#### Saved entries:

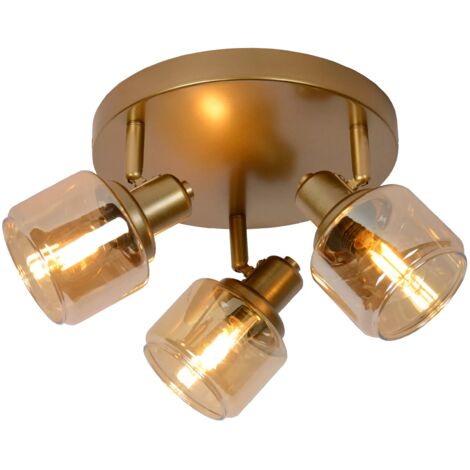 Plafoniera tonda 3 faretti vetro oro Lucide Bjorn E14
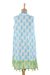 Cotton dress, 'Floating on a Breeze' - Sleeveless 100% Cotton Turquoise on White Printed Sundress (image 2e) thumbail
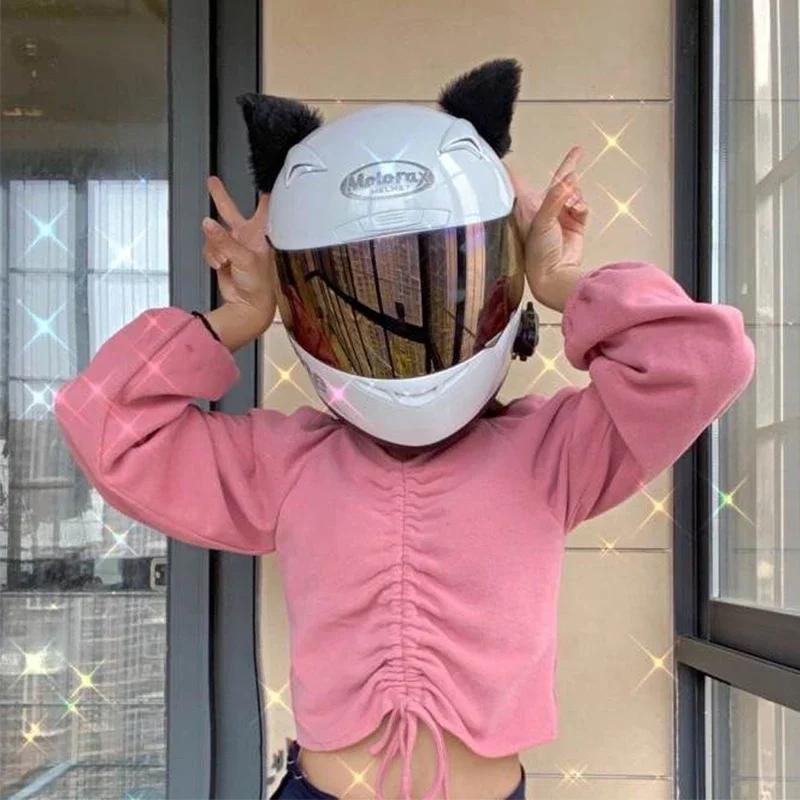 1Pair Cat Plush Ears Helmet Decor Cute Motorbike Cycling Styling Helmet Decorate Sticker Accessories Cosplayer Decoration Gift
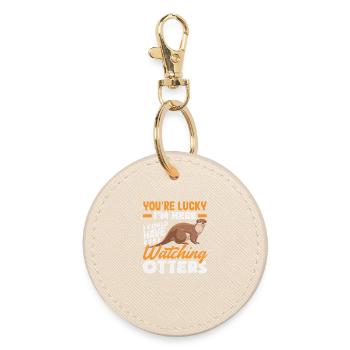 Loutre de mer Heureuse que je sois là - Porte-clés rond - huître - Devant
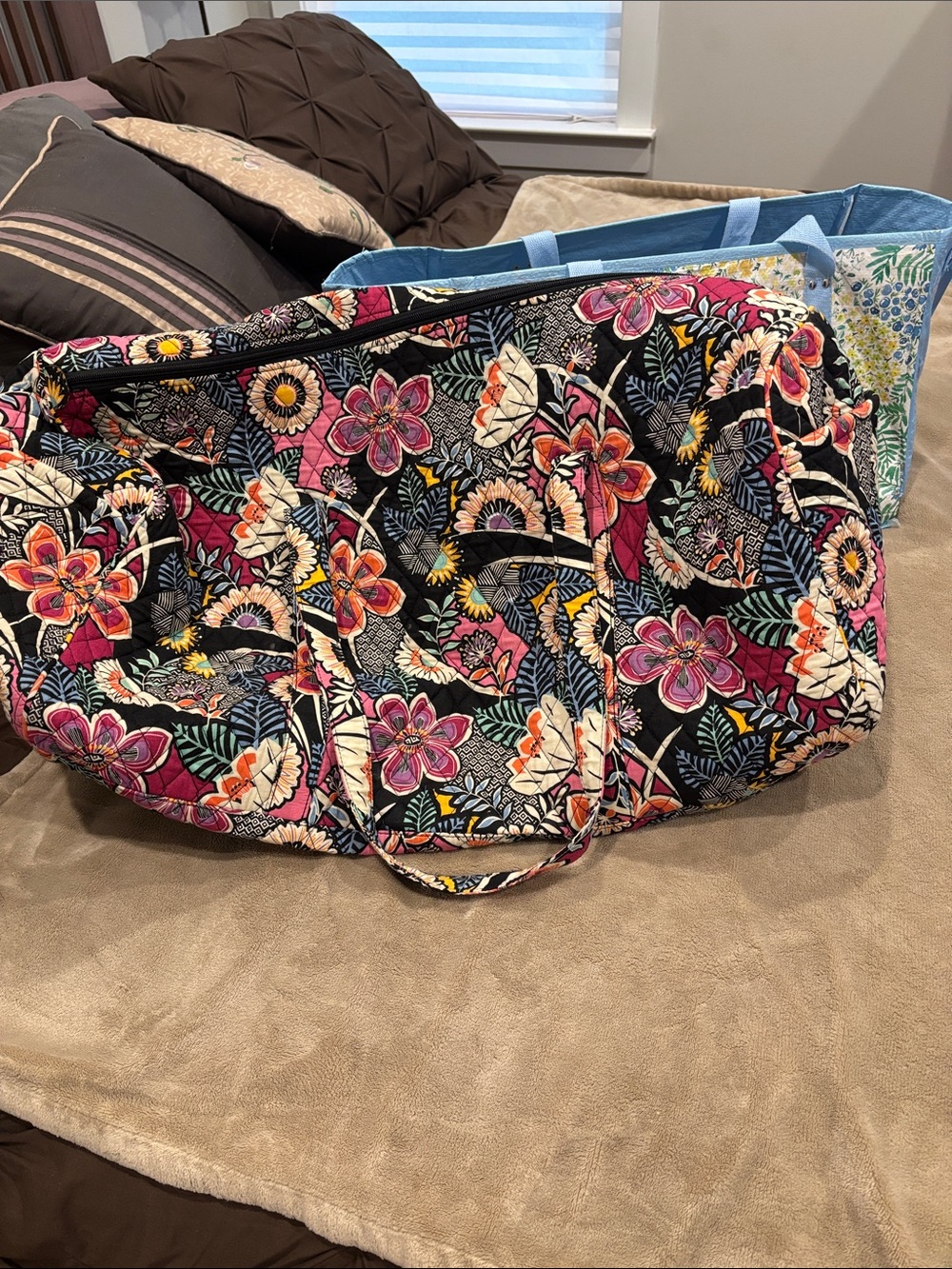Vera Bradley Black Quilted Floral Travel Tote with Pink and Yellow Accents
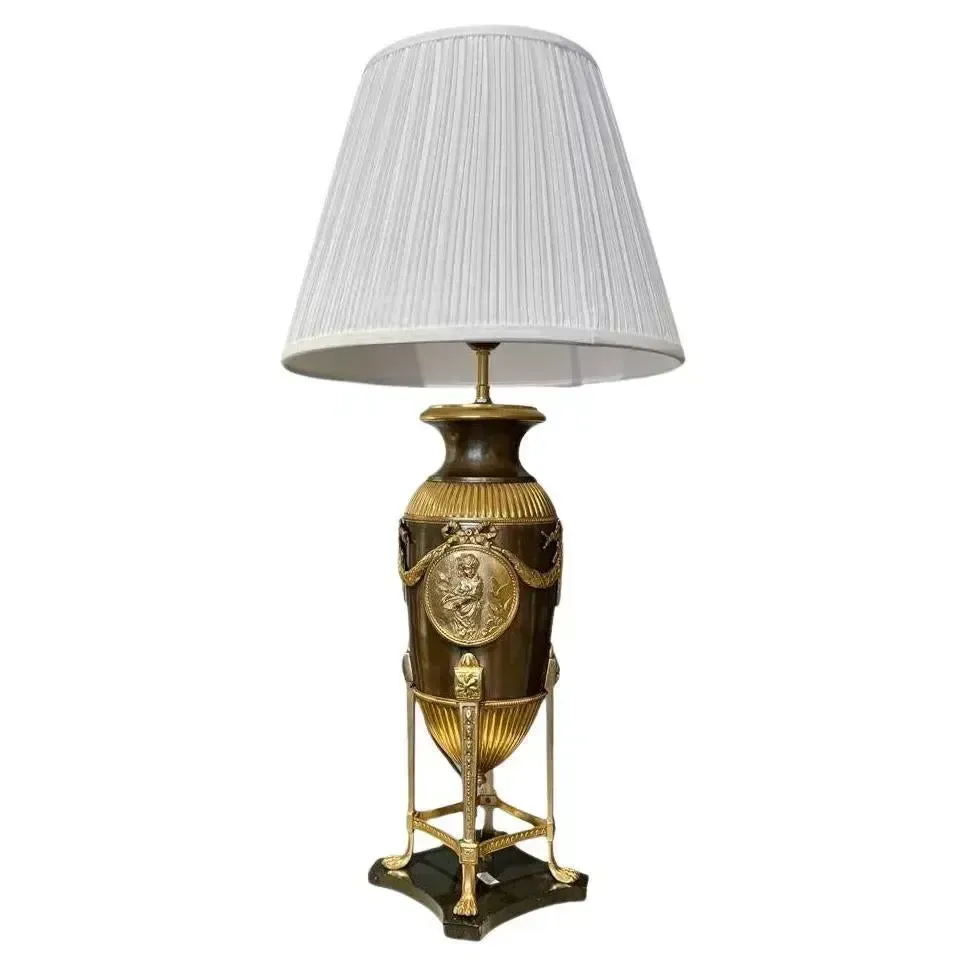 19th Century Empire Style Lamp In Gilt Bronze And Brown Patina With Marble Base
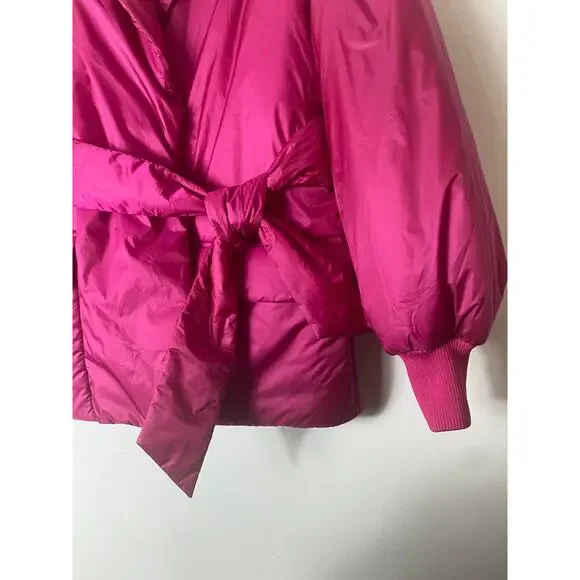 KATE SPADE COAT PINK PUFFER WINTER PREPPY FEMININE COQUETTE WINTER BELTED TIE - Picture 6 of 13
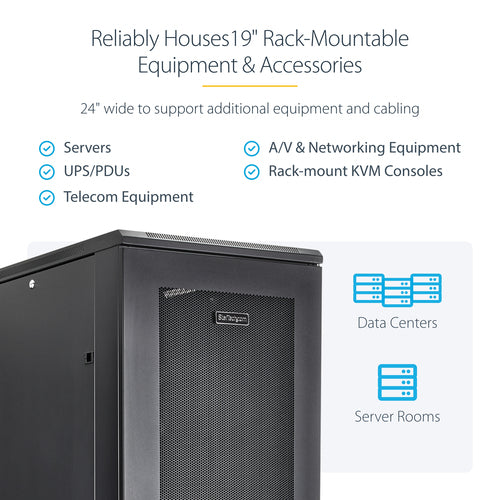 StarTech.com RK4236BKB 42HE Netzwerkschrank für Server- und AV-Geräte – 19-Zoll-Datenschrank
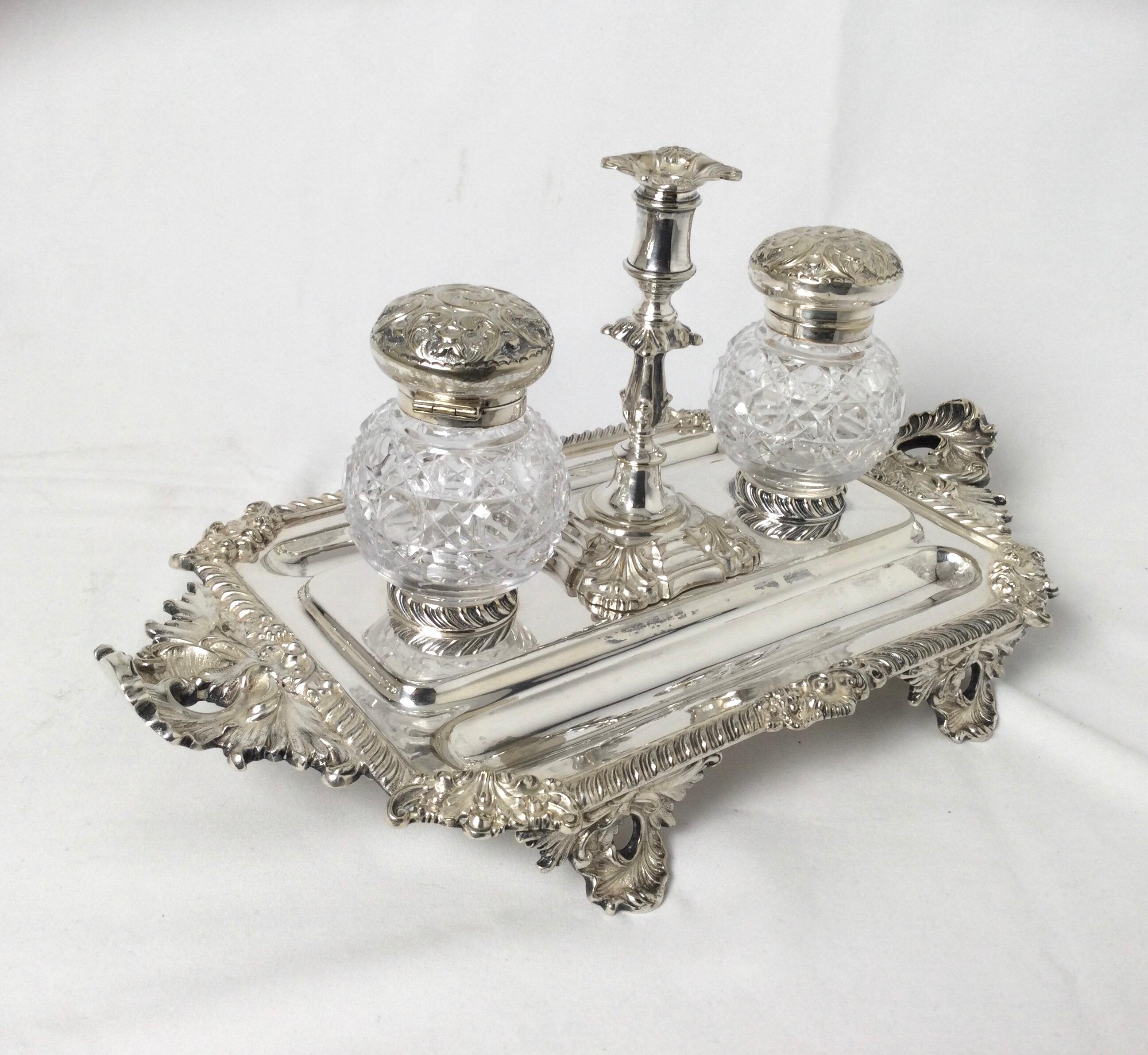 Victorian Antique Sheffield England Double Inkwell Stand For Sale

#### WORK REQUIRED:
Leave every picture out and write out, word for word, the lines from the one that contains "KATE SPADE COAT" through the last line of the records.

#### ANSWER BOX:
 KATE SPADE COAT PINK PUFFER WINTER PREPPY FEMININE COQUETTE WINTER BELTED TIE - Picture 6 of 13
 StarTech.com RK4236BKB 42HE Netzwerkschrank für Server- und AV-Geräte – 19-Zoll-Datenschrank
 Victorian Antique Sheffield England Double Inkwell Stand For Sale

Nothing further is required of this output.